Our society is characterized by a lack of commitments.

We are so quick to give up on someone when they do something that offends our modern sensibilities, annoys us, or imposes a minor inconvenience on us. Or even when they are a different person with a different personality trait that entails more time and energy to understand that person and build trust.

We act as though we don’t live in a complex web of interconnected relationships and institutions. We think that we can just cut off a single thread without affecting that web. False. We are not individualistic automatons.

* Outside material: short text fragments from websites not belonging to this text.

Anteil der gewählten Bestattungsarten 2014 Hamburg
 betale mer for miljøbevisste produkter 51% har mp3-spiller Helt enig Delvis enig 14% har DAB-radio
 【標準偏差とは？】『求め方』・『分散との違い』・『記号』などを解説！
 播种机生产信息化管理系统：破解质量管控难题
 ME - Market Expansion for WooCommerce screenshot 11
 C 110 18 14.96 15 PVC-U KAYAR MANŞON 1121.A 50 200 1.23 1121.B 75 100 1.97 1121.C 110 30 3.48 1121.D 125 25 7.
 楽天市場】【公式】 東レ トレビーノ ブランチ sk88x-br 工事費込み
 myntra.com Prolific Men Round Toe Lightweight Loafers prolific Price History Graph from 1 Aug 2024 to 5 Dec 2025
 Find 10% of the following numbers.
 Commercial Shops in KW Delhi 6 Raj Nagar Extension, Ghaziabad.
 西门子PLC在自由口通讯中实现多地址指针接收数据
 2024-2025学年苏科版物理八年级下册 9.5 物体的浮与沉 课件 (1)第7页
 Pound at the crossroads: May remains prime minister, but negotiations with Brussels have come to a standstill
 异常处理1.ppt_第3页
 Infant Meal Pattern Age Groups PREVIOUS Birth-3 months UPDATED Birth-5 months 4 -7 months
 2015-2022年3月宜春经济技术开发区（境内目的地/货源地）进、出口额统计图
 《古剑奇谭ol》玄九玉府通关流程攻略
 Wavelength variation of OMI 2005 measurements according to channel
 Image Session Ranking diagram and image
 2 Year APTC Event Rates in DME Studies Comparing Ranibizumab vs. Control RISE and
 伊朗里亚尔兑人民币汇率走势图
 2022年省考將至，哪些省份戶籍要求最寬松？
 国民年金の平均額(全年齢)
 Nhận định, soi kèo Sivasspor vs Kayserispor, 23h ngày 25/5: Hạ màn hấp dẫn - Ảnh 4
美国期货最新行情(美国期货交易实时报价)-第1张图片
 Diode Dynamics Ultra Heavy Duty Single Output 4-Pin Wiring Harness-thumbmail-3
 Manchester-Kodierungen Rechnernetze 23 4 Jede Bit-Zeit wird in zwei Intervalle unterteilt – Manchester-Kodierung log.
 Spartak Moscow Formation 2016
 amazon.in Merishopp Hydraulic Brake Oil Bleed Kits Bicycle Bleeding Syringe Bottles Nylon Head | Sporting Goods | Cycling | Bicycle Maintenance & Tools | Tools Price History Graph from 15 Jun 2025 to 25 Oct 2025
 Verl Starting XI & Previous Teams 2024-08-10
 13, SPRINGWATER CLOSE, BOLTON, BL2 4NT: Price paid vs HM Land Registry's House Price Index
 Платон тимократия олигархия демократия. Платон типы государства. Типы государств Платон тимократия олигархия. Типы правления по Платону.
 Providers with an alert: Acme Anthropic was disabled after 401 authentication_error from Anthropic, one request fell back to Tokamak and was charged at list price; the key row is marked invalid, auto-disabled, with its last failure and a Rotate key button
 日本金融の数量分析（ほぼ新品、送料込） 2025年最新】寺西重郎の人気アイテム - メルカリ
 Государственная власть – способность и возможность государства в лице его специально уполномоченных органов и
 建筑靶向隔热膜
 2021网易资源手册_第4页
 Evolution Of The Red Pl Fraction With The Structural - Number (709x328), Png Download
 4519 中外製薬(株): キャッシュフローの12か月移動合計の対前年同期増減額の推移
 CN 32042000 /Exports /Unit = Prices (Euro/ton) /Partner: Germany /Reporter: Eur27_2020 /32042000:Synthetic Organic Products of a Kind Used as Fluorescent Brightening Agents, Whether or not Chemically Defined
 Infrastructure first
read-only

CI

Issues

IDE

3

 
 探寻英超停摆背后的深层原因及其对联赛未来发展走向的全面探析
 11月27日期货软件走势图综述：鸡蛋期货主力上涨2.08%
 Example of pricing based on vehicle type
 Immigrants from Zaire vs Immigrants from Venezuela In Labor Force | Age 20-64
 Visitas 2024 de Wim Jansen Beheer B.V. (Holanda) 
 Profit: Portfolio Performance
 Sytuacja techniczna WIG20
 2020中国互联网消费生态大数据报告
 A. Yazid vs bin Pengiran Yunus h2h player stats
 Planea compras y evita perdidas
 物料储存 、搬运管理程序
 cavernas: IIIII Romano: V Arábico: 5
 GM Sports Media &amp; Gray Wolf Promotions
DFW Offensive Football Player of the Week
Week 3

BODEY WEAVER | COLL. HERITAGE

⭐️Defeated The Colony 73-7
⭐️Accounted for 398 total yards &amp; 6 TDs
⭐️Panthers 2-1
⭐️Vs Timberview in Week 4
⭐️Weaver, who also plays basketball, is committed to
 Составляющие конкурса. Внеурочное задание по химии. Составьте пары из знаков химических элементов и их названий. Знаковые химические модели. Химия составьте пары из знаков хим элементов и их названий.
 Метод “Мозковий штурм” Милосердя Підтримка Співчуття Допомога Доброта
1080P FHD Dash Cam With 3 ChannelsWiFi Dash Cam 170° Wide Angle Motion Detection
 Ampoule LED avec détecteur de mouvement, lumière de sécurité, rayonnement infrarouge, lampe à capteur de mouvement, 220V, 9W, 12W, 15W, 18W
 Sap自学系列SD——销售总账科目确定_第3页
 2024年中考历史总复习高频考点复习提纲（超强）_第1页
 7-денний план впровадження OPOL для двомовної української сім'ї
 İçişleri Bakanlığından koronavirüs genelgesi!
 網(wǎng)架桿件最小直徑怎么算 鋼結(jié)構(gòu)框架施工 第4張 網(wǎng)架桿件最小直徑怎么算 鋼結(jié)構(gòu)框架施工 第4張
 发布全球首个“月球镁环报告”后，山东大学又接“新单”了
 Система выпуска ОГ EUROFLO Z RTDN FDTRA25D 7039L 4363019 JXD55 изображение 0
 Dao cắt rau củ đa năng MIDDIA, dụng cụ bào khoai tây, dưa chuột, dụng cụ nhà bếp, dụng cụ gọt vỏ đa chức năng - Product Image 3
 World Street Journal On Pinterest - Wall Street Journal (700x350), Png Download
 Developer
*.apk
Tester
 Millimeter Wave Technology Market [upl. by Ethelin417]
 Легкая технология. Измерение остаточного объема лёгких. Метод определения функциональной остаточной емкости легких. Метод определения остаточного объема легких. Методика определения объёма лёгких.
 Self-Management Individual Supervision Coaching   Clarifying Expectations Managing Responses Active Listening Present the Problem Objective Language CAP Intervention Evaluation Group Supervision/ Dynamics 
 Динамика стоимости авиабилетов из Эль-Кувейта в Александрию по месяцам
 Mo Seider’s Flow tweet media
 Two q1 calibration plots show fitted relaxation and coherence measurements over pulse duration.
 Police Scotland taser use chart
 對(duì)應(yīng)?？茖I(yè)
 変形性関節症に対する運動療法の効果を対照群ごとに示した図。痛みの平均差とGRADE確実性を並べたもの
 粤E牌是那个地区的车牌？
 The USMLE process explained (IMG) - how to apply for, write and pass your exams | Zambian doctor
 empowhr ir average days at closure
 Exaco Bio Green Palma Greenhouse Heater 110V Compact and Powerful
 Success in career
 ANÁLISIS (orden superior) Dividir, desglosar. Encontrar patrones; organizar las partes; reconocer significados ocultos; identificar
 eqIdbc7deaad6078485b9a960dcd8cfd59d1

A fundamental idea that someone shared with me is that every relationship, as it becomes more and more intimate, entails—as matter of fact and ethics—more and more substantial commitments to each other. In fact, a defining criterion of the quality of a relationship is/should be how committed one is to that person. If your ‘best friend’ is not committed to you, how good of a friend are they to you?

But God

Then my thoughts shifted to the God I believe in, the God of Abraham, Isaac, and Jacob, the God of Jesus Christ, a 33-year-old Jewish carpenter crucified by Roman soldiers and then rose again from the dead…

God proclaiming His steadfastness and His faithfulness. In the midst of our utter sin and ugliness before His Holy nature, He never lets us go. Everything about His character is opposed to who and what we are: full of evil. Even as His children, His people, we let Him down again and again. Yet He will never abandon us and even sees the best in us when only the worst exists.

Finding Scripture to support the steadfastness of the LORD is quite a daunting task; steadfastness (“faithfulness”) is one of the most dominant themes in the Bible, and characteristic of God interconnected with His other attributes. Any set of verses attempting to represent the significance of steadfastness in Scripture would do injustice to the proclamation of the LORD’s steadfastness found in other verses. That being said, here are some verses that have spoken to me and continue to do so.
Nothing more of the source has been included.